_TASK STATEMENT_
All that is wanted is a word-for-word copy of the line with "13 A'TIPIK 🐌" and every line after it in the data below.

┌──

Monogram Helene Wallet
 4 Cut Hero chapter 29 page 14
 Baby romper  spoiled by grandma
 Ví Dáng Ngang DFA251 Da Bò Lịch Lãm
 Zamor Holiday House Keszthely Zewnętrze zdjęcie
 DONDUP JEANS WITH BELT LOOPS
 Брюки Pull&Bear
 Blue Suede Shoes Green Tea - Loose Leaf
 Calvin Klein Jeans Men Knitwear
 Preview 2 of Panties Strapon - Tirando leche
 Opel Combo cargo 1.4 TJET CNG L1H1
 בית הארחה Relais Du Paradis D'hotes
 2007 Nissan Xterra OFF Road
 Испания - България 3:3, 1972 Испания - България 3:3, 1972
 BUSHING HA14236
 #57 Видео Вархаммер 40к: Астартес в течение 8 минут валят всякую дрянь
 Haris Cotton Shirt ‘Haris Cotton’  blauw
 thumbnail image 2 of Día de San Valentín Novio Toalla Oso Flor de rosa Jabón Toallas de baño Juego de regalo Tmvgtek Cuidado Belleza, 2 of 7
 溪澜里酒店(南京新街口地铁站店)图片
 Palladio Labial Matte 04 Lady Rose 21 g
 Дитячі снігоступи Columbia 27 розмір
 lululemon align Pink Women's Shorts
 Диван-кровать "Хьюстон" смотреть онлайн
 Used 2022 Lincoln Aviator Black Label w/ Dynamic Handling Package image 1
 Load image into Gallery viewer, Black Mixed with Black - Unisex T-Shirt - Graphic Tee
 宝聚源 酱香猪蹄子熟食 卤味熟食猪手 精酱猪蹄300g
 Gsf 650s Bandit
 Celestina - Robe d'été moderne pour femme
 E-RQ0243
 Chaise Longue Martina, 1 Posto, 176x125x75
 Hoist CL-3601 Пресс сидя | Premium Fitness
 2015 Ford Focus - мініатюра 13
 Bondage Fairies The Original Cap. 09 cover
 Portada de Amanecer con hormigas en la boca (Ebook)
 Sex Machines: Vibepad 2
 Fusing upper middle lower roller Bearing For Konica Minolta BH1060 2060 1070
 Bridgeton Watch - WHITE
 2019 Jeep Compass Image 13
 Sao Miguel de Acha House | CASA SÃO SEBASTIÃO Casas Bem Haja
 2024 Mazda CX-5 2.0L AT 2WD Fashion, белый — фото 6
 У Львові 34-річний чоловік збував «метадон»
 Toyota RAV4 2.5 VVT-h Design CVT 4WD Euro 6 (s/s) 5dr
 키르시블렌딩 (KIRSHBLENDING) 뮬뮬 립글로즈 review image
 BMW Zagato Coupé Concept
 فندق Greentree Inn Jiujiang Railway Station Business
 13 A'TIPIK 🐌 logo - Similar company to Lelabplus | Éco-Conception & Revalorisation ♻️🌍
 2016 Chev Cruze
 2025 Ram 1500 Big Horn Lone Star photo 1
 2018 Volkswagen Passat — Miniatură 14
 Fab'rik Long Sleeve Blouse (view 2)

└──

_SOLUTION TO THIS TASK_
 13 A'TIPIK 🐌 logo - Similar company to Lelabplus | Éco-Conception & Revalorisation ♻️🌍
 2016 Chev Cruze
 2025 Ram 1500 Big Horn Lone Star photo 1
 2018 Volkswagen Passat — Miniatură 14
 Fab'rik Long Sleeve Blouse (view 2)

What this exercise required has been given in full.